Assigned task: Reproduce the records below exactly as given.

(Stored data)
--- --- ---

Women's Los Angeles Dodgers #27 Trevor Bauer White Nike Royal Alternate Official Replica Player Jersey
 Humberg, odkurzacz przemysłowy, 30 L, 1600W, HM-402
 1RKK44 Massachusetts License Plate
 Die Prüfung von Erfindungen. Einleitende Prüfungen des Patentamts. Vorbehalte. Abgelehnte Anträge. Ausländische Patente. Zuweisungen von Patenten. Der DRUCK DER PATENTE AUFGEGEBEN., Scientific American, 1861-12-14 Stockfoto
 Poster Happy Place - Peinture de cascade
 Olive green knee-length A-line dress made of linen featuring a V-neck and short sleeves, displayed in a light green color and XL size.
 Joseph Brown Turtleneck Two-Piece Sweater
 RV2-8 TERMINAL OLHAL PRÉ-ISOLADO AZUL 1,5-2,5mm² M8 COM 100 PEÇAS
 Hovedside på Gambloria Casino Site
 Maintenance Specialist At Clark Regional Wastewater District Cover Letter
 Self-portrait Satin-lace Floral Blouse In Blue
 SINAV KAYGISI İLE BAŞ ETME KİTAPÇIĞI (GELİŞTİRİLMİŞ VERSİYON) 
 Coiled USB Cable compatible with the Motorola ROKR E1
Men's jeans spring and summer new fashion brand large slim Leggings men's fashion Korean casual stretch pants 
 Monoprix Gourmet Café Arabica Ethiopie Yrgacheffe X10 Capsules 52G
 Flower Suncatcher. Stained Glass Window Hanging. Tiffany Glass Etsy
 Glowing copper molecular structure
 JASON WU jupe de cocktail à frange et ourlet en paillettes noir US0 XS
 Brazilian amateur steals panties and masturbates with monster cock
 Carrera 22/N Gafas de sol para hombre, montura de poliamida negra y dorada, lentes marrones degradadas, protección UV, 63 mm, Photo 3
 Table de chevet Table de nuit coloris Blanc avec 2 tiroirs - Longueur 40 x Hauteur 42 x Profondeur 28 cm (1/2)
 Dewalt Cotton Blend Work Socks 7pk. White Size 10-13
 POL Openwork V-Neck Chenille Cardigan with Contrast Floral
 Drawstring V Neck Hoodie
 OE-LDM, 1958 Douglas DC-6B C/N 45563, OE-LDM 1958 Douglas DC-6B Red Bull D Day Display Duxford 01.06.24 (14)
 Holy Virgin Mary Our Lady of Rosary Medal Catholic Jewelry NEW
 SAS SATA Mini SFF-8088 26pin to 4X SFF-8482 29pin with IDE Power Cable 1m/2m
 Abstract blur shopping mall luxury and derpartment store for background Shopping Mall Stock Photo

--- --- ---

Solved exercise:
Women's Los Angeles Dodgers #27 Trevor Bauer White Nike Royal Alternate Official Replica Player Jersey
 Humberg, odkurzacz przemysłowy, 30 L, 1600W, HM-402
 1RKK44 Massachusetts License Plate
 Die Prüfung von Erfindungen. Einleitende Prüfungen des Patentamts. Vorbehalte. Abgelehnte Anträge. Ausländische Patente. Zuweisungen von Patenten. Der DRUCK DER PATENTE AUFGEGEBEN., Scientific American, 1861-12-14 Stockfoto
 Poster Happy Place - Peinture de cascade
 Olive green knee-length A-line dress made of linen featuring a V-neck and short sleeves, displayed in a light green color and XL size.
 Joseph Brown Turtleneck Two-Piece Sweater
 RV2-8 TERMINAL OLHAL PRÉ-ISOLADO AZUL 1,5-2,5mm² M8 COM 100 PEÇAS
 Hovedside på Gambloria Casino Site
 Maintenance Specialist At Clark Regional Wastewater District Cover Letter
 Self-portrait Satin-lace Floral Blouse In Blue
 SINAV KAYGISI İLE BAŞ ETME KİTAPÇIĞI (GELİŞTİRİLMİŞ VERSİYON) 
 Coiled USB Cable compatible with the Motorola ROKR E1
Men's jeans spring and summer new fashion brand large slim Leggings men's fashion Korean casual stretch pants 
 Monoprix Gourmet Café Arabica Ethiopie Yrgacheffe X10 Capsules 52G
 Flower Suncatcher. Stained Glass Window Hanging. Tiffany Glass Etsy
 Glowing copper molecular structure
 JASON WU jupe de cocktail à frange et ourlet en paillettes noir US0 XS
 Brazilian amateur steals panties and masturbates with monster cock
 Carrera 22/N Gafas de sol para hombre, montura de poliamida negra y dorada, lentes marrones degradadas, protección UV, 63 mm, Photo 3
 Table de chevet Table de nuit coloris Blanc avec 2 tiroirs - Longueur 40 x Hauteur 42 x Profondeur 28 cm (1/2)
 Dewalt Cotton Blend Work Socks 7pk. White Size 10-13
 POL Openwork V-Neck Chenille Cardigan with Contrast Floral
 Drawstring V Neck Hoodie
 OE-LDM, 1958 Douglas DC-6B C/N 45563, OE-LDM 1958 Douglas DC-6B Red Bull D Day Display Duxford 01.06.24 (14)
 Holy Virgin Mary Our Lady of Rosary Medal Catholic Jewelry NEW
 SAS SATA Mini SFF-8088 26pin to 4X SFF-8482 29pin with IDE Power Cable 1m/2m
 Abstract blur shopping mall luxury and derpartment store for background Shopping Mall Stock Photo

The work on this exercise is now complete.